Sur quels dérapages cet organisme non représentatif devra-t-il statuer ? Il devra veiller « au respect des règles d'éthique et de déontologie dans le traitement de l'information (...), notamment en assurant le respect des institutions de la République, de la vie privée, de l'honneur et de l'intégrité de la personne humaine ; au respect de l'unité nationale, de l'intégrité territoriale et du caractère laïc de la République dans les contenus des messages audiovisuels », dit le texte de la loi.
Extrapolons. Il existera donc, au Sénégal, des thèmes placés sous surveillance. Pourra-t-on enquêter ou s'exprimer, sans être sanctionné, sur le Président, le gouvernement, les corps constitués, les élus, les juges (les « institutions de la République ») ? Pourra-t-on dénoncer le népotisme et la corruption (la « vie privée » et « l'honneur ») ? Pourra-t-on évoquer les séparatistes de Casamance (l'« intégrité territoriale ») ? Sans doute pas. On n'abordera pas les sujets qui fâchent sans être mis à l'amende par ce collège, qui devra déterminer qui a respecté ou non l'éthique et la déontologie. Les journalistes n'auront qu'à bien se tenir. Du reste, s'ils souhaitent contester les sanctions prononcées par le CNRA devant le Conseil d'Etat, les journalistes devront tout de même se soumettre aux diktats de l'autorité de régulation. Un tel recours, dit la loi, « n'est pas suspensif ». Payez d'abord ou taisez-vous, nous verrons plus tard qui avait raison.
C'est l'évidence : les règles démocratiques exigent que la légitimité de l'instance de régulation des médias soient reconnue à la fois par le gouvernement et par les professionnels de l'information. Si tel n'était pas le cas, tous les abus pourraient se déguiser sous le prétexte de la contestation vertueuse. La relation de reconnaissance mutuelle entre le gouvernement et la presse serait brisée. Le Conseil pour le respect de l'éthique et de la déontologie (CRED), que les journalistes avaient mis en place de leur propre initiative, serait dépouillé de toute autorité. En le mettant en place, le Syndicat des professionnels de l'information et de la communication du Sénégal (SYNPICS) souhaitait à juste titre consacrer le fait qu'en « matière d'honneur, le journaliste ne reconnaît que le tribunal de ses pairs ». Or, on ne peut à la fois exiger que la presse soit responsable et la dessaisir des moyens qu'elle s'est donnés pour faire respecter l'éthique et la déontologie au sein de la profession.

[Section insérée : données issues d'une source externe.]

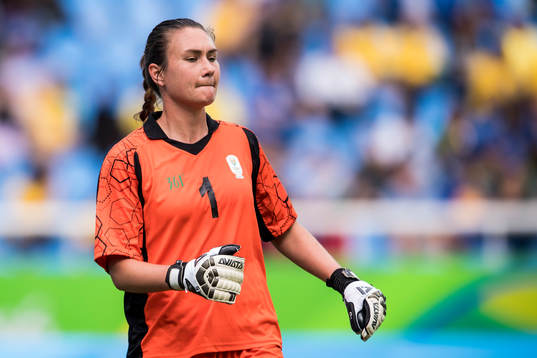 Sydafrikas målvakt Roxanne Barker i fotbollsmatchen mellan
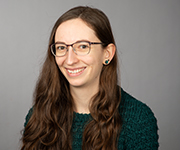  Sarah Neuroth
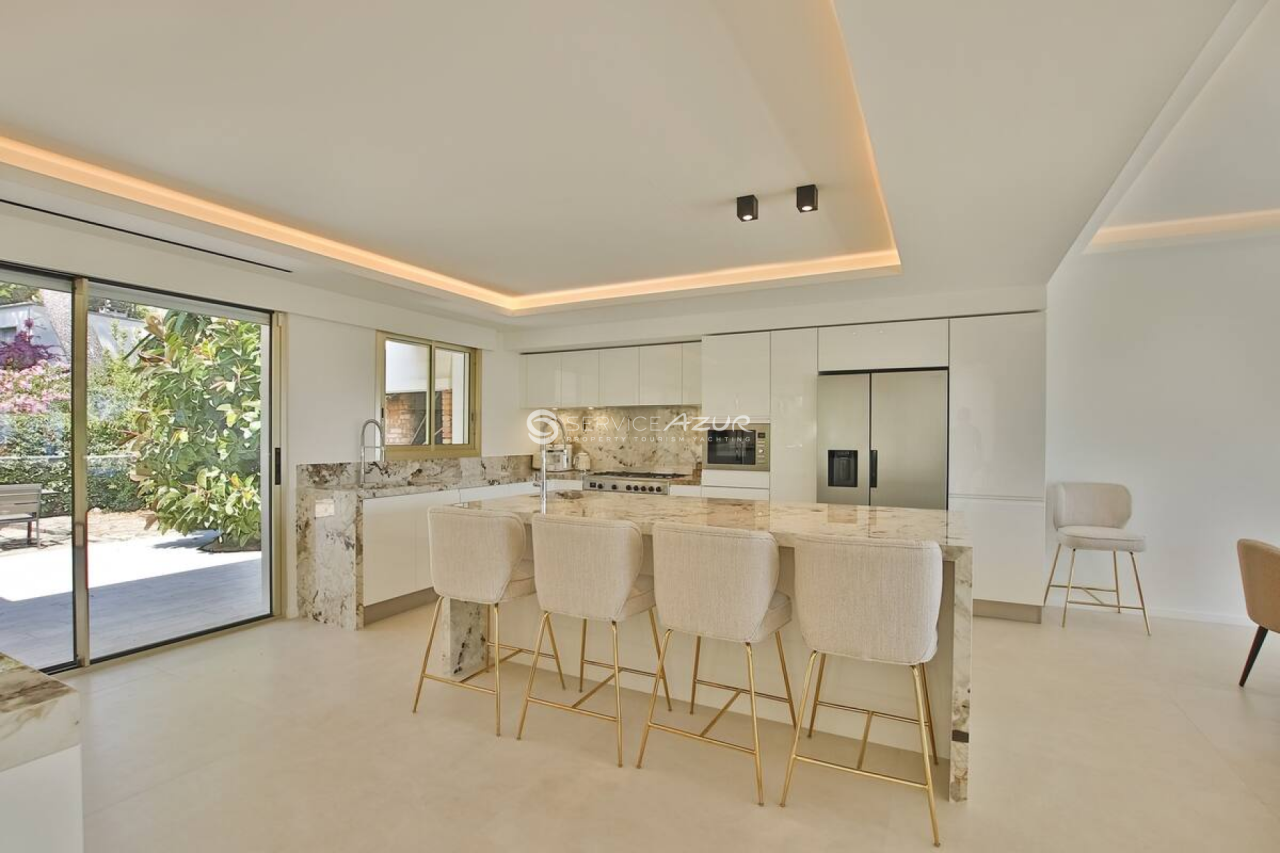 Villa à Antibes, France, 300 m² - image 13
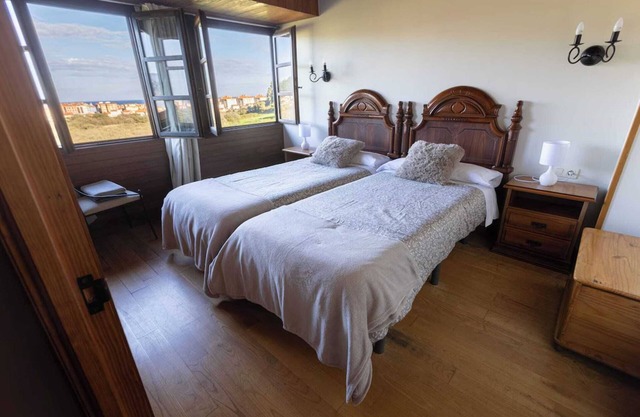 Las Mimosas apartment with sea and estuary views
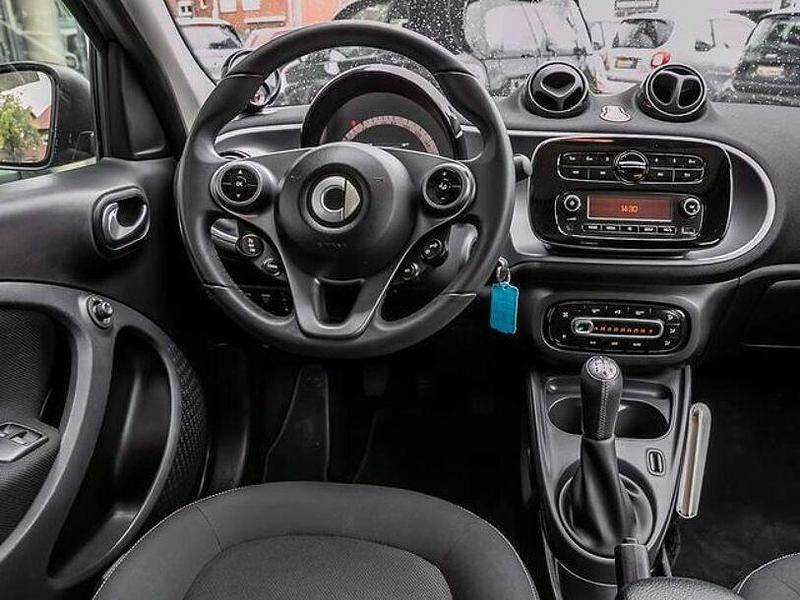 Usado Smart ForFour 71 HP (52 kW) 2019 Preto Citadino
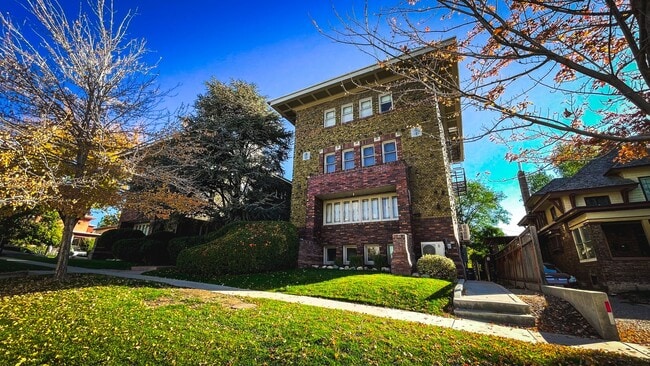 Building Photo - 1 Bedroom 1 bath Condo in Historic SLC bui... Unit 26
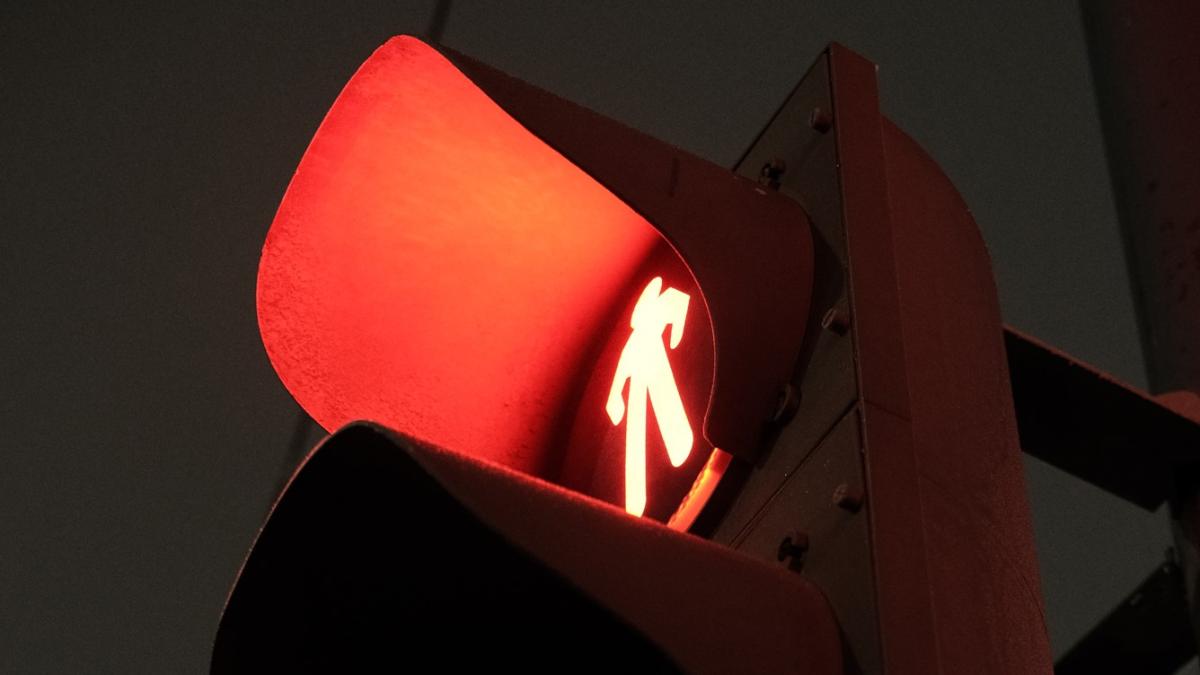 titi-aur-parcarea-masinilor-in-intersectii_72664600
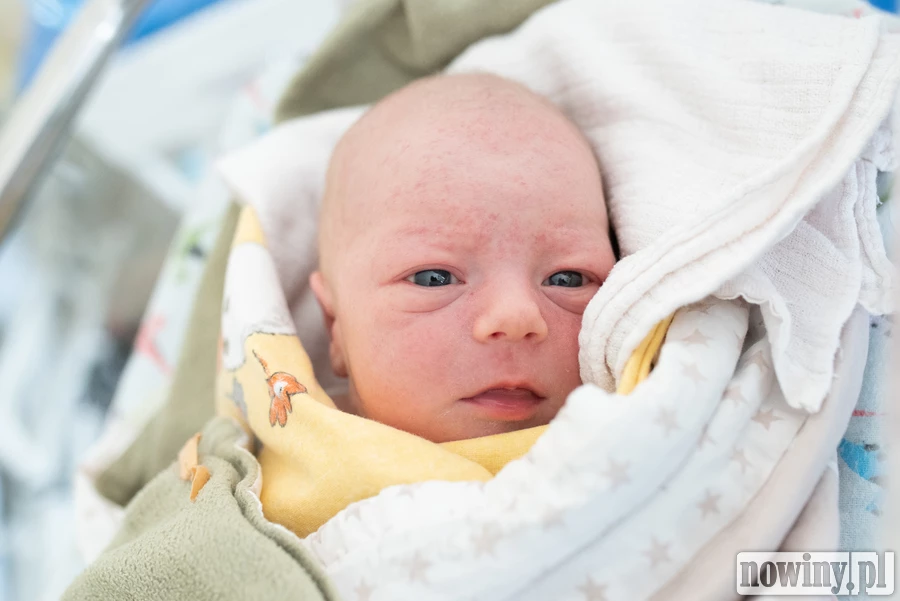 Mały Ignaś Skop urodził się 7.08 o godz. 9.50. Ważył 3340 g i mierzył 55 cm. Jego rodzicami zostali Karolina i Szymon z Chwałowic k. Rybnika. W domu na Ignasia czeka starszy brat Oliwier oraz siostra Wiktoria.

Il ne servirait donc à rien de dépénaliser les délits de presse, comme le Sénégal l'a promis, et d'instituer une créature bureaucratique régissant les médias sans leur participation. Lors des crises, le gouvernement se défausserait hypocritement sur le CNRA, en s'appuyant sur son indépendance pourtant contestable. De son côté, la presse indocile ferait tout ce qui est en son pouvoir pour saboter cette machine à sanctionner. Aucun problème ne serait réglé. Il en existerait de nouveaux.
La loi n°38/2005 doit être oubliée avant d'avoir pu naître. Aujourd'hui, au Sénégal, le gouvernement et la presse ont besoin de renouer un dialogue serein. Il peut avoir une traduction concrète et indispensable : la mise en place d'une autorité de régulation des médias qui ne ressemble ni à un conseil de famille, ni à une assemblée corporatiste. Ce chantier doit être ouvert sans délai.